::: WORKING DATA

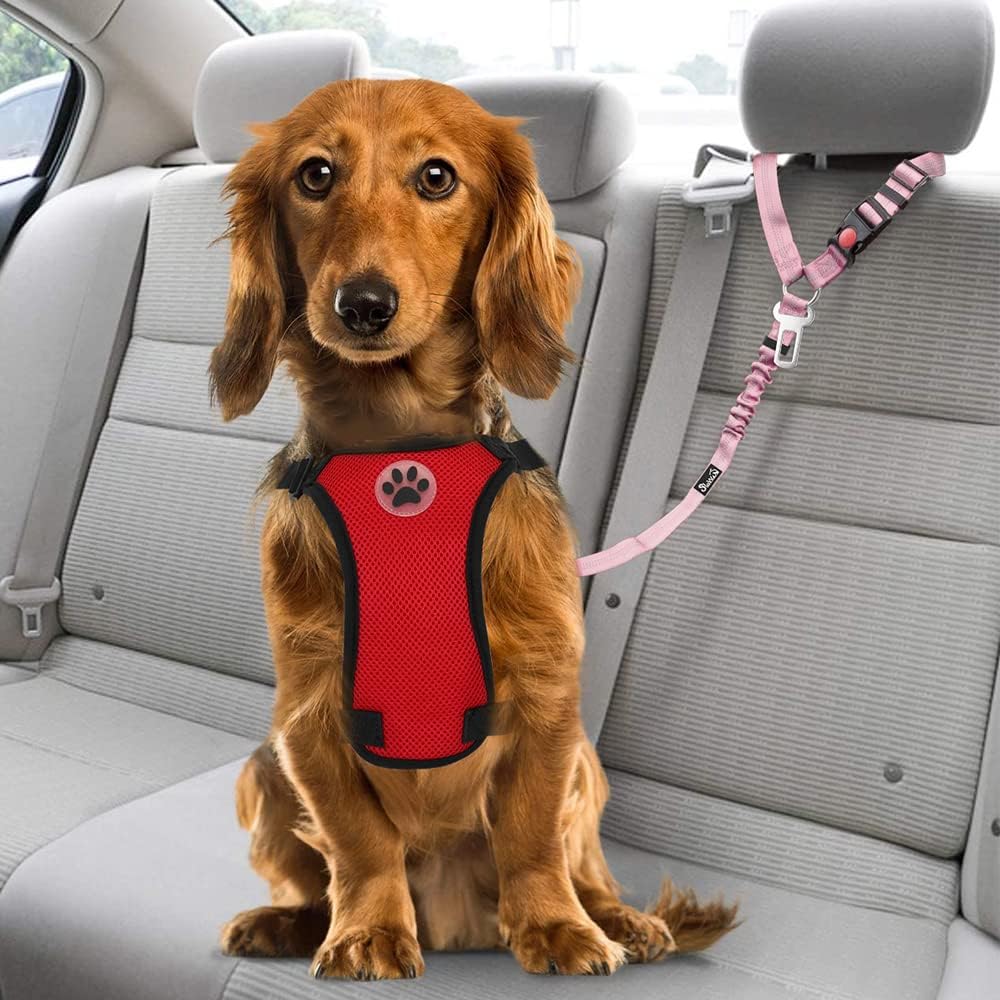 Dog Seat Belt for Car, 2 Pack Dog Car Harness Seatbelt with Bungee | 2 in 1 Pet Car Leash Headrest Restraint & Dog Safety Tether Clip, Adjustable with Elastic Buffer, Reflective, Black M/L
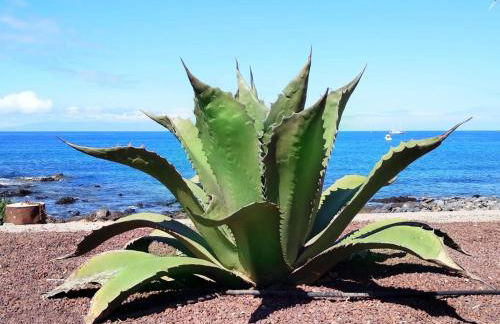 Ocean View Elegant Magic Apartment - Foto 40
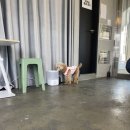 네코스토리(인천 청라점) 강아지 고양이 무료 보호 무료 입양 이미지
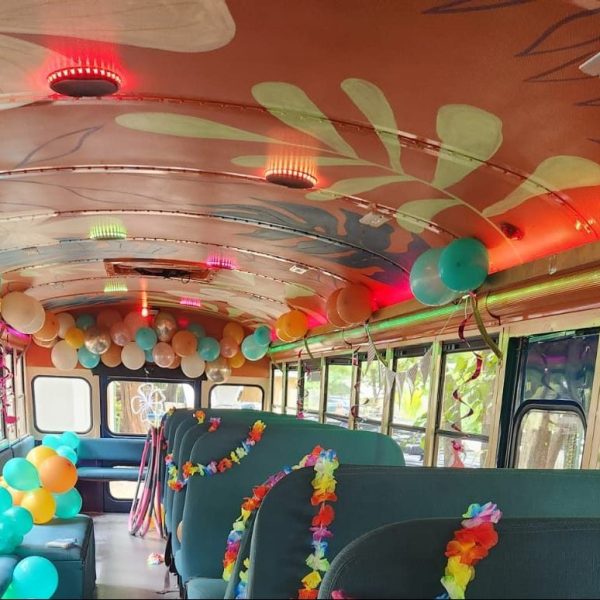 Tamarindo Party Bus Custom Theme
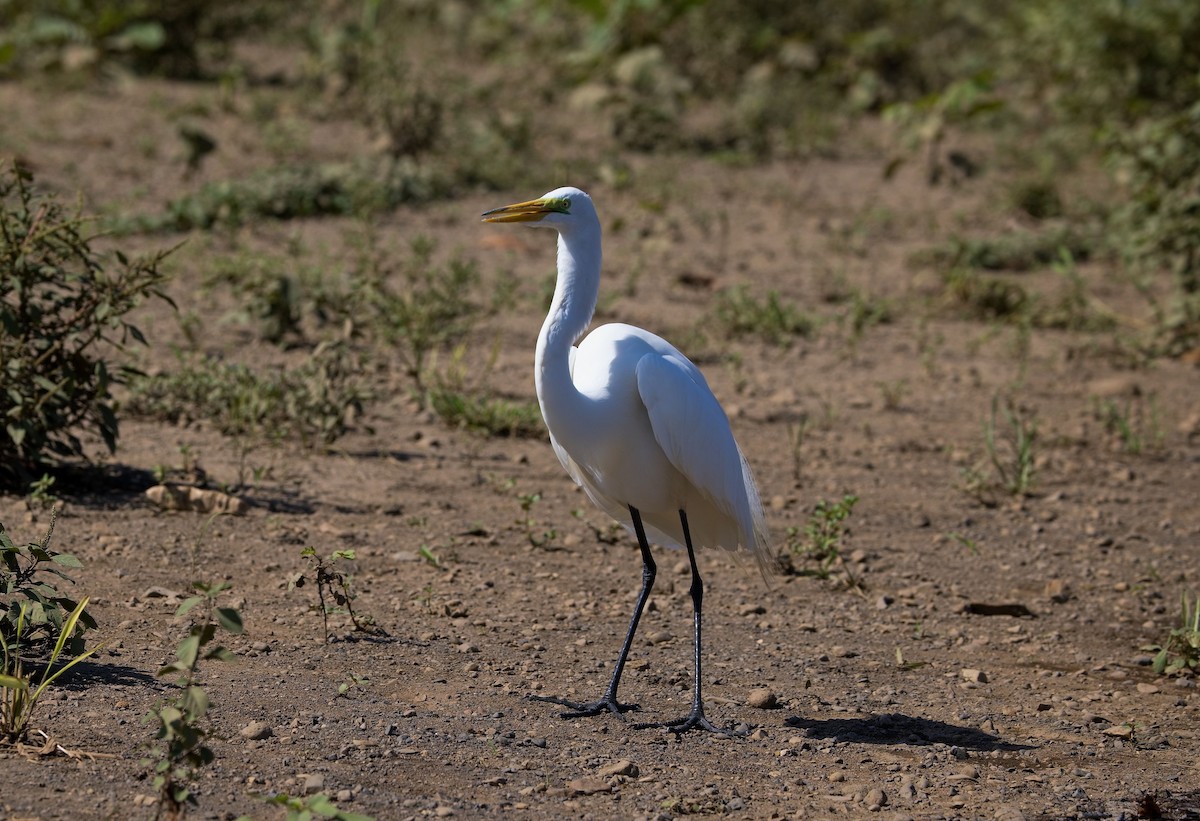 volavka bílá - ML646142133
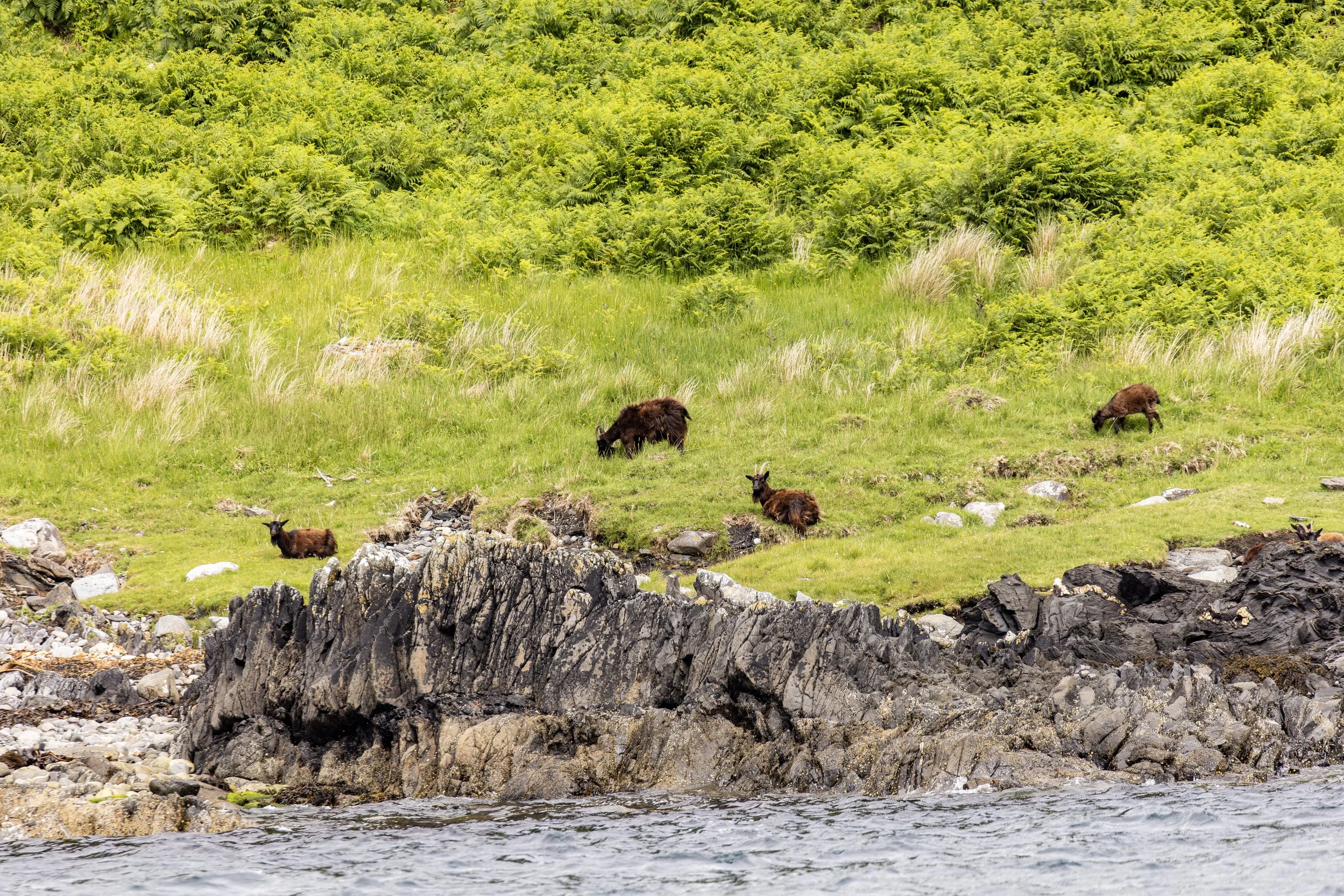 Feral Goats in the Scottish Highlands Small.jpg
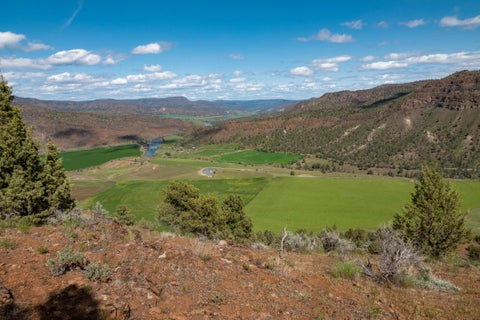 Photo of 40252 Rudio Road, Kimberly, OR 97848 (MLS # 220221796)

::::::

• **WHAT YOU ARE ASKED TO DO**
Repeat each line of the records exactly. Do not include the pictures.

• **OUTPUT OF THE TASK**
 Dog Seat Belt for Car, 2 Pack Dog Car Harness Seatbelt with Bungee | 2 in 1 Pet Car Leash Headrest Restraint & Dog Safety Tether Clip, Adjustable with Elastic Buffer, Reflective, Black M/L
 Ocean View Elegant Magic Apartment - Foto 40
 네코스토리(인천 청라점) 강아지 고양이 무료 보호 무료 입양 이미지
 Tamarindo Party Bus Custom Theme
 volavka bílá - ML646142133
 Feral Goats in the Scottish Highlands Small.jpg
 Photo of 40252 Rudio Road, Kimberly, OR 97848 (MLS # 220221796)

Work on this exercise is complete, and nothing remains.